Une fois qu'elle estime que ses cheveux sont assez bien essorés, elle s'empare d'un t-shirt, qui m'appartenait avant qu'elle ne se l'approprie, et y enroule ses cheveux.
Sans faire cas de ma présence, elle retire la serviette qui entourait sa poitrine, se retrouvant totalement nue. Ce qui me permet de regarder à loisir l'arrondi de son ventre.
C'est dingue, il y a encore une semaine, je n'avais pas l'impression que c'était aussi visible et aujourd'hui, j'ai l'impression que ces petits êtres qui s'abritent sous son ventre veulent crier au monde entier qu'ils sont là. Je trouve ça fascinant.
J'aurai aimé pouvoir passer ma main à l'endroit même où le ronflement me semble plus accentué mais je me retiens. Je ne peux pas… pas pour le moment. Il y a encore trop de tension entre Tiya et moi, et je ne pense pas qu'elle accepterait de me laisser la toucher alors même qu'elle refuse presque de m'adresser la parole.
Elle m'en veut encore pour ce qu'il s'est passé il y a trois semaines, mon absence alors qu'elle avait besoin de moi. Je le comprends et suis même assez surpris qu'elle ait accepté de venir avec moi ce midi et sans me poser de questions. Ce qui n'est pas plus mal. Je me dis que malgré le mini pitch que j'avais prévu de lui sortir pour la convaincre, je n'aurai pas réussi à en prononcer un mot et ça aurait été compliqué de lui faire accepter l'idée que…
« — Je suis prête dans moins de vingt minutes. elle lance, assise sur le lit, et mettant sa crème sur son corps.
— Je n'ai rien dit.
— Tu me fixes depuis tout à l'heure. elle me répond sans lever un oeil vers moi.»
Je me retiens de parler et remballe ma frustration aussi vite qu'elle est apparue. Il y a encore quelques mois, elle aurait compris que ce regard qu'elle pouvait sentir sur elle était de l'admiration, mêlé à une dose d'envie. D'envie de la prendre dans mes bras, plonger mes doigts dans sa crinière indomptable, y enfouir mon nez et humer longuement la senteur coco qui en émane. Elle aurait compris qu'il s'agissait d'admiration, d'envie et non de reproche. Mais c'est de ma faute, je ne peux en vouloir qu'à moi même. Raison pour laquelle, je m’attelle à remettre les choses en ordre et j'espère fortement que la journée d'aujourd'hui, me permettra de faire un grand bon.

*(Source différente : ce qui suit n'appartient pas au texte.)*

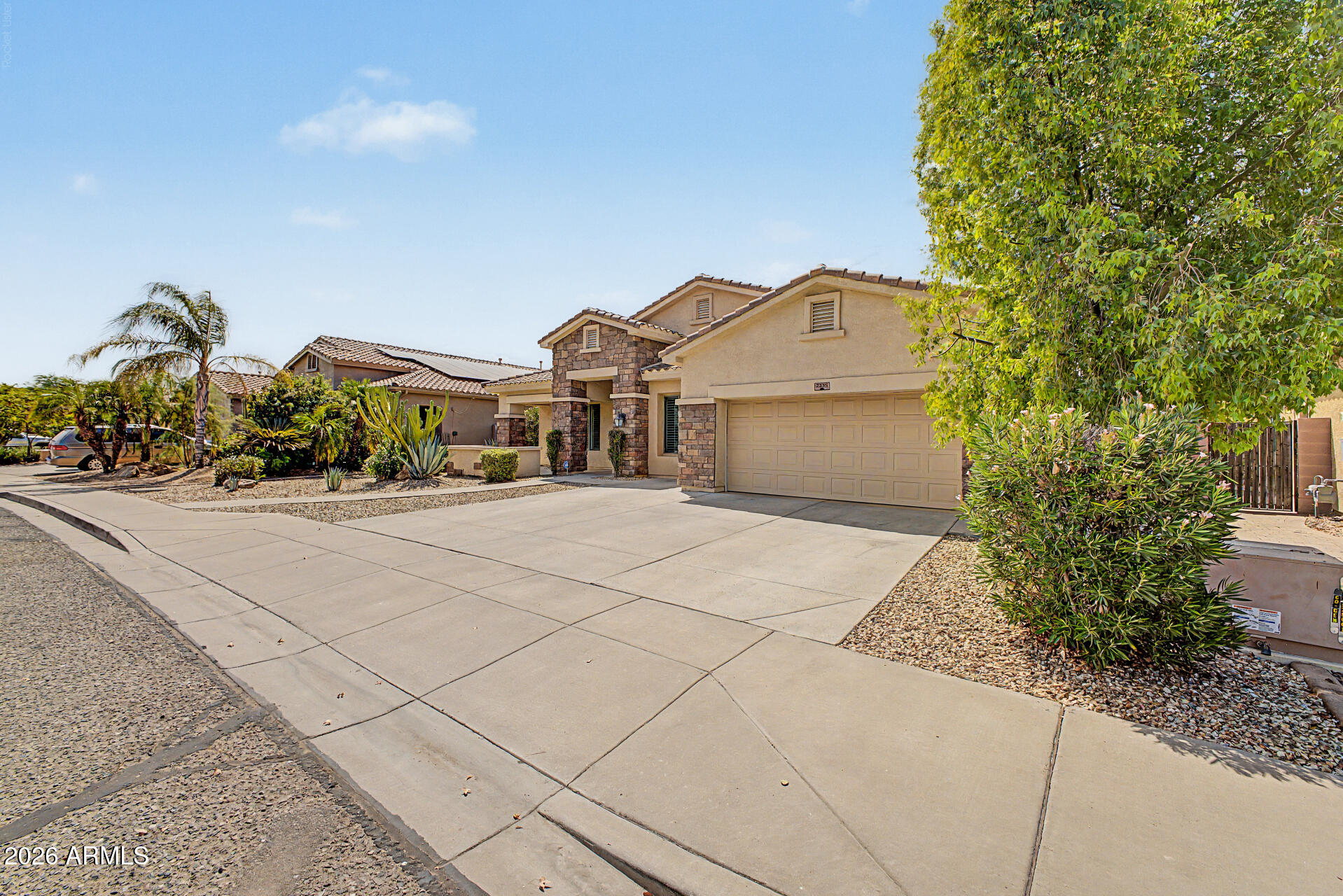 2335 West Maya Way Phoenix, AZ 85085 - Photo 4 of 52 05 - Maya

Je finis de m'habiller en traînant un peu, pour lui laisser le temps d'en faire autant. Si j'avais fini avant elle, j'aurais probablement tourné en rond dans la maison et elle aurait eu l'impression que je fais preuve d'impatience. Et ça aurait pu nous emmener vers une énième incompréhension. Mais encore une fois, j'espère que tout cela va changer à partir d'aujourd'hui…
« — Tu es prête ? je lui demande devant la porte d'entrée.
— Oui. »
Je lui ouvre la porte d'entrée ainsi que la portière de la voiture avant de prendre place au volant, faire une petite prière intérieure et espérer que tout se passera bien quand on sera devant.
***
« — C'est une blague ? elle demande d'une voix neutre qui ne présage rien de bon. »
Je me retiens de lui répondre, en même temps il n'y a rien à répondre, la simple direction que prend la voiture dit tout.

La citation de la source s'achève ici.